US presidential candidate Mitt Romney has said he will slash funding for PBS if elected, while the pubcaster itself is preparing a slate of docs about Hispanic heritage.
In an interview with Fortune Magazine earlier this week, presidential hopeful Romney laid out his five-point plan for the US economy, which included cuts to funding for PBS.
Romney, who threatened similar cuts for Amtrak, the National Endowment for the Arts and the National Endowment for the Humanities, said: “Some of these things, like those endowment efforts and PBS, I very much appreciate and like what they do in many cases, but I just think they have to stand on their own rather than receiving money borrowed from other countries, as our government does on their behalf.”

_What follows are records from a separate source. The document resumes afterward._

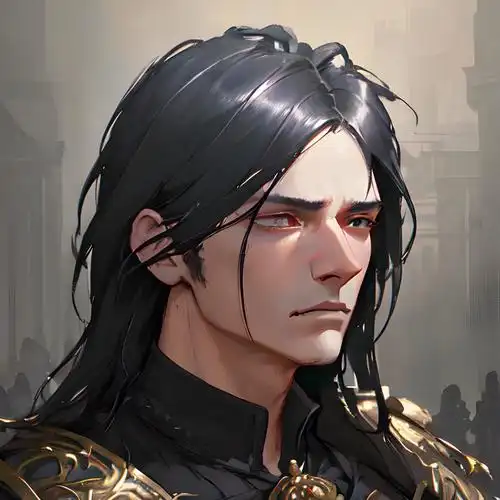 6686体育合作伙伴Owen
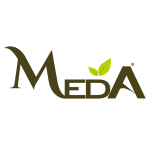 MEDA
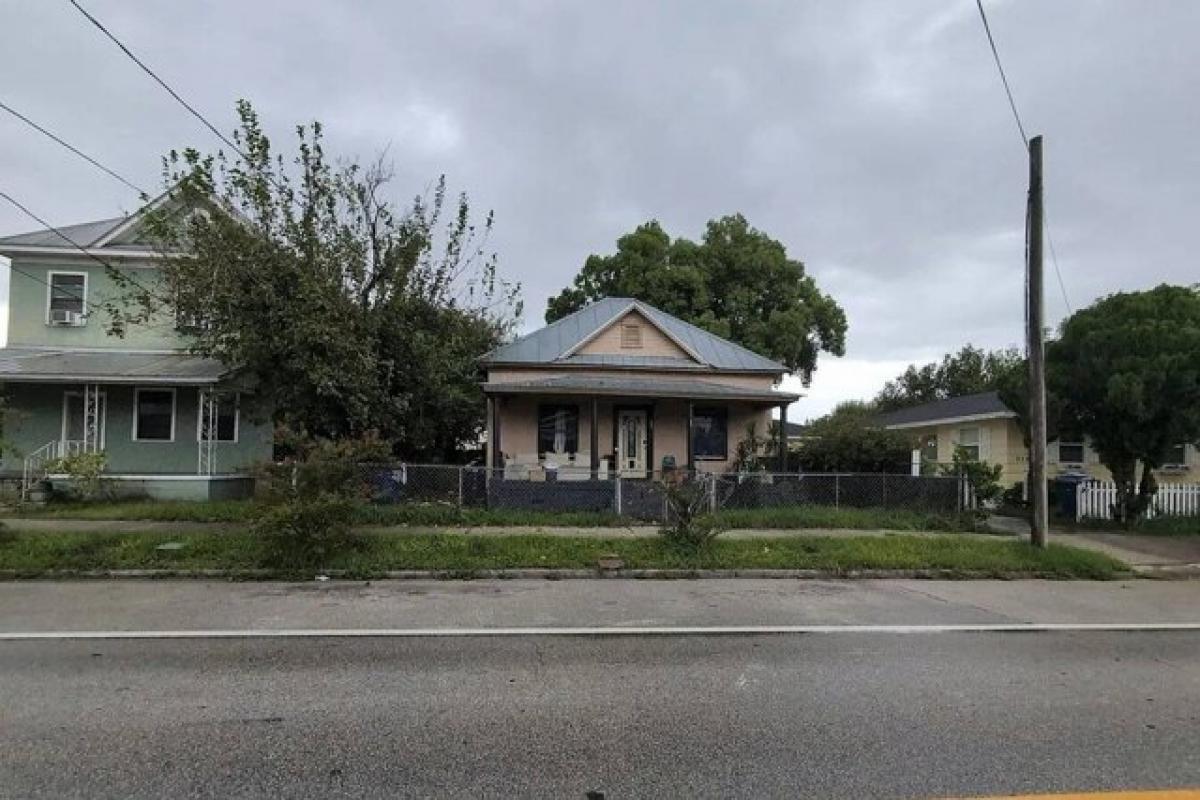 Picture of Home For Rent in Tampa, Florida, United States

PBS CEO Paula Kerger responded in a statement to the Washington Post, saying: “We understand that these are challenging times. However, public broadcasting has already sustained a 13% cut in its federal funds over the past two years. More severe cuts would be crippling.
“Federal investment in public broadcasting equals about one one-hundredth of one percent of the federal budget. Elimination of funding would have almost no impact on the nation’s debt. Yet the loss to the American public would be devastating.”
In the meantime, PBS is set to air a raft of documentaries to mark Hispanic Heritage Month, between September 15 and October 15.
Highlights include Voces on PBS, a series of docs about Latino life. This begins on Friday September 28 at 22.00 with Tales of Masked Men, looking at the world of Mexican wrestling.
El Velador (The Night Watchman) airs 24 hours before that. The film, from director Natalia Almada, is about a security guard who watches over the extravagant mausoleums of some of Mexico’s most notorious drug lords.